The reticle was by step-and-repeater photolithography and etching used to produce a photomask with image-size the same as the final chip. The photomask might be used directly in the fab or be used as master-photomask to produce the final actual working photomasks.
As feature size shrank, the only way to properly focus the image was to place it in direct contact with the wafer. These contact aligners often lifted some of the photoresist off the wafer and onto the photomask and it had to be cleaned or discarded. This drove the adoption of reverse master photomasks (see above), which were used to produce (with contact photolithography and etching) the needed many actual working photomasks. Later, projection photo-lithography meant photomask lifetime was indefinite. Still later direct-step-on-wafer stepper photo-lithography used reticles directly and ended the use of photomasks.
Photomask materials changed over time. Initially soda glass was used with silver halide opacity. Later borosilicate and then fused silica to control expansion, and chromium which has better opacity to ultraviolet light were introduced. The original pattern generators have since been replaced by electron beam lithography and laser-driven systems which generate reticles directly from the original computerized design.
Overview
Lithographic photomasks are typically transparent fused silica plates covered with a pattern defined with a chromium (Cr) or Fe2O3 metal absorbing film.[3] Photomasks are used at wavelengths of 365 nm, 248 nm, and 193 nm. Photomasks have also been developed for other forms of radiation such as 157 nm, 13.5 nm (EUV), X-ray, electrons, and ions; but these require entirely new materials for the substrate and the pattern film.[3]
A set of photomasks, each defining a pattern layer in integrated circuit fabrication, is fed into a photolithography stepper or scanner, and individually selected for exposure. In multi-patterning techniques, a photomask would correspond to a subset of the layer pattern.
In photolithography for the mass production of integrated circuit devices, the more correct term is usually photoreticle or simply reticle. In the case of a photomask, there is a one-to-one correspondence between the mask pattern and the wafer pattern. This was the standard for the 1:1 mask aligners that were succeeded by steppers and scanners with reduction optics.[4] As used in steppers and scanners, the reticle commonly contains only one layer of the designed VLSI circuit. (However, some photolithography fabrications utilize reticles with more than one layer placed side by side onto the same mask).
The pattern is projected and shrunk by four or five times onto the wafer surface.[5] To achieve complete wafer coverage, the wafer is repeatedly "stepped" from position to position under the optical column until full exposure is achieved.

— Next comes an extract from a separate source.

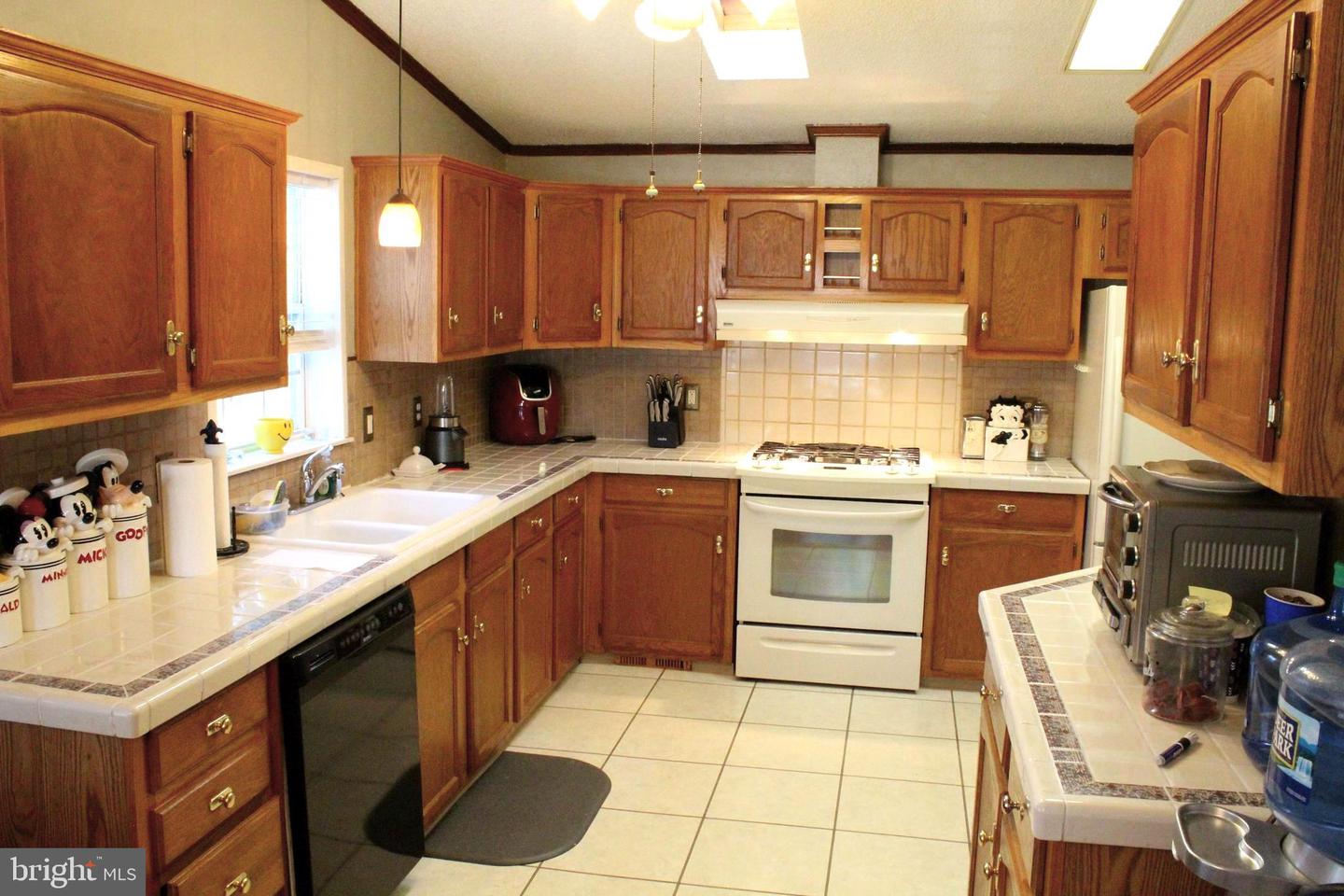 Photo 9 of 23 of 106 Pasture Ln mobile home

Features 150 nm or below in size generally require phase-shifting to enhance the image quality to acceptable values. This can be achieved in many ways. The two most common methods are to use an attenuated phase-shifting background film on the mask to increase the contrast of small intensity peaks, or to etch the exposed quartz so that the edge between the etched and unetched areas can be used to image nearly zero intensity. In the second case, unwanted edges would need to be trimmed out with another exposure. The former method is attenuated phase-shifting, and is often considered a weak enhancement, requiring special illumination for the most enhancement, while the latter method is known as alternating-aperture phase-shifting, and is the most popular strong enhancement technique.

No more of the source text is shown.